J’aimerais bien vous montrer des DTS, mais ils sont virtuels, alors vous devrez vous servir de votre imagination. Contrairement à l’or, je dois les expliquer.
Le FMI a créé les Droits de tirage spéciaux (DTS) en 1969. À l’origine, la valeur d’un DTS était définie comme l’équivalent de 0,888671 gramme d’or pur qui équivalait aussi, alors, à 1 dollar US (1once d’or = 35 DTS = 35 $US). Très simple, n’est-ce pas ?
Après la fin des Accords de Bretton Woods et de l’étalon-or en 1973, les DTS ont été redéfinis comme panier de devises. De 1974 à 1980, les DTS étaient composés de 16 devises, dans des proportions différentes. En 1978, la couronne danoise et le rand sud-africain on été enlevés et remplacés par le riyal d’Arabie Saoudite et le rial d’Iran. Il fallait un ordinateur pour en déterminer la valeur, et il n’en existait pas beaucoup à l’époque.
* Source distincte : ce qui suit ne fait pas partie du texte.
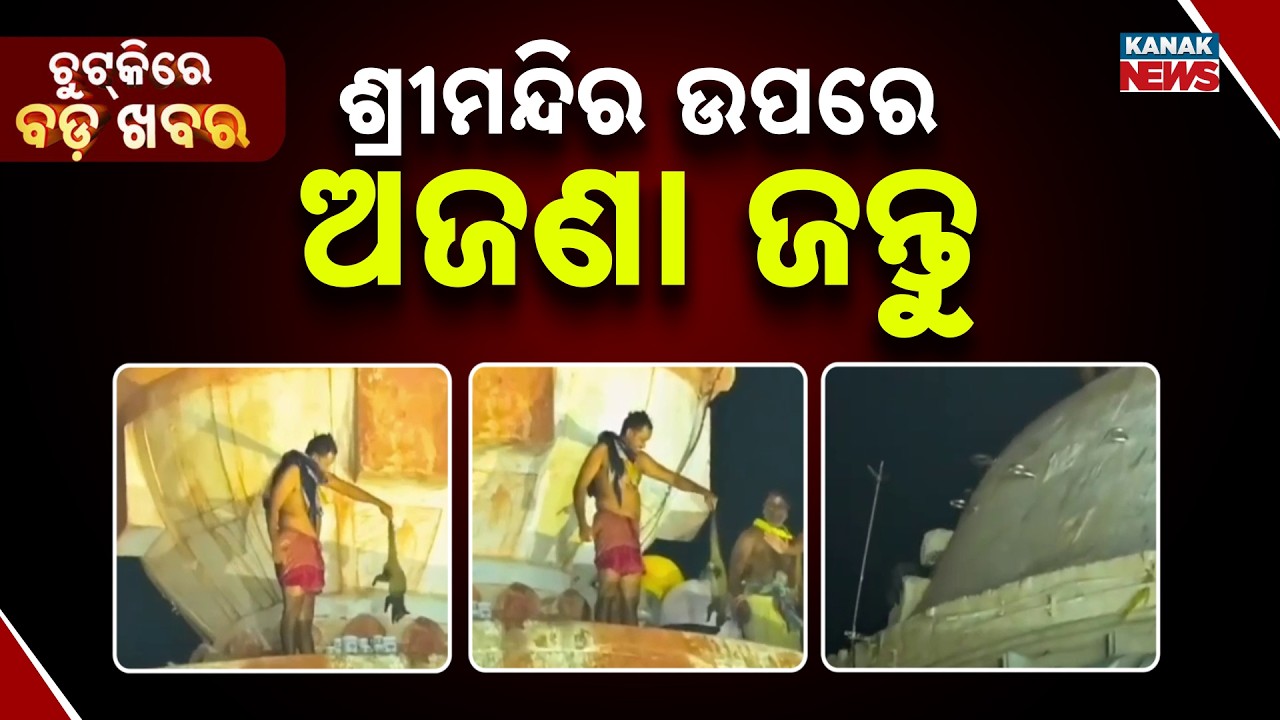 Chutkire Bada Khabar || 12th JUNE 2026 || 9PM Digital Bulletin || Kanak News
Alors, comprenez-vous pourquoi les DTS ne furent jamais adoptés et le dollar a été préféré ?
En 1981, les DTS ont été simplifiés et le nombre de devises fut réduit à cinq (dollar US, mark allemand, franc français, livre anglaise et yen japonais).
En 2000, le mark allemand et le franc français furent remplacés par l’euro, sans en changer la pondération.
Depuis décembre 2010, la valeur d’un DTS équivaut à la somme de 0,423 euro, 12,1 yens, 0,111 livre et 0,66 dollar US.
À partir du 1er octobre 2016, le Yuan chinois sera ajouté au panier.
Les DTS ne sont ni une devise, ni du crédit émis par le FMI. Ils constituent plutôt une réclamation potentielle sur les devises flottants librement des membres du FMI. Il s’agit plus d’un index que d’un panier composé de quatre (cinq en 2016) devises. La composition du panier est révisée tous les cinq ans par la direction du FMI, et même si elle ne change pas, comme, par exemple, entre 2001 et 2015, la pondération des devises est légèrement changée.
Jacques Rueff, économiste français et conseiller du président français Charles de Gaulle, a dit : « Les DTS sont du néant déguisé en monnaie, » et l’ancien président Valérie Giscard d’Estaing faisait référence aux DTS en tant que « LSD monétaire ». Jim Grant, de Grant’s Interest Rate Observer, a dit : « L’or se reconnaît instantanément, à l’œil, comme de la monnaie. Mais les DTS, comme une mauvaise blague, doivent être expliqués. »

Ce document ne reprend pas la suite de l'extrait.